Quelques fois, il m'arrivait de dormir. Mais c'était aussi rare que les opposants du régime encore en vie. Peut-être plus. Je ne sais pas comment ils font, mais j'ai toujours l'impression que lorsque l'un d'eux meurt, dix nouvelles têtes montent au front, telle une hydre ! Et malgré les protestations de colère que je laisse s'échapper de ma bouche pour faire bonne figure devant mon chef, je suis à fond avec les opposants, et j'espère qu'ils vaincront, qu'importe le temps que cela doit prendre !

Mon chef... Jamais je n'oublierai notre première rencontre. Il jouait avec ma vie comme il jouait avec un yoyo, et quand il avait dit qu'il me laissait vivre encore un peu, c'était comme s'il proclamait être Dieu et qu'il avait droit de vie et de mort sur quiconque croisait son chemin. Depuis, il me méprisait, mais, et cela il l'ignorait, pas autant que je le haïssais, lui et son régime totalitaire à la con !

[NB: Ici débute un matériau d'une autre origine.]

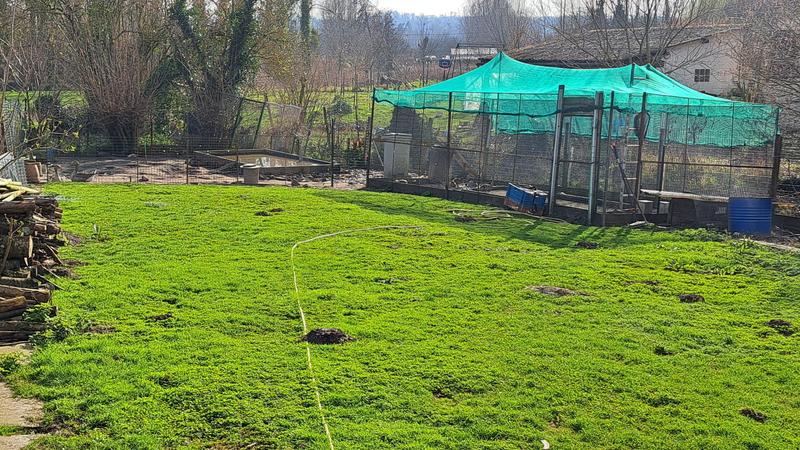 Maison - 97 m² - 5 pièces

Il riait en m'appelant le pisseux et, comme à la vieille époque, le matin au réveil, il me faisait faire le tour du camp en exposant mes draps souillés pendant la nuit, alors que j'étais simplement vêtu d'une couche pour bébés qu'il me forçait à enfiler pour l'occasion. Il riait aux éclats, rapidement imité par les autres, qui réagissaient soit par crainte, soit par soulagement de ne pas être la cible, soit par plaisir véritable de faire souffrir et d'humilier ceux qu'ils jugeaient « inférieurs ».

C'était comme ça, à Auschwitz ? Je ne valais pas plus qu'un juif, qu'un handicapé ou qu'un être inférieur pendant la seconde guerre mondiale ? Alors même que j'étais soldat pour « Le Parti Unique » ? Je valais et avais moins de droits qu'un chien ? Dis-moi Andorra, pourquoi je fais tout ça ? C'est ça, survivre ? Être encore en vie et nier que l'on est mort de l'intérieur, parce que l'on n'est plus rien ? Plus rien qu'un amas de cendres, vestiges de notre âme noircie par les flammes de la cruauté?

C'était la honte. L'humiliation. Et à cause d'elle, la haine enflait toujours plus en moi, moi qui m'étais toujours qualifié de partisan de l'amour !

C'était la guerre. Il pleuvait sur mars, quelque part au nord de ma vie de moins que rien.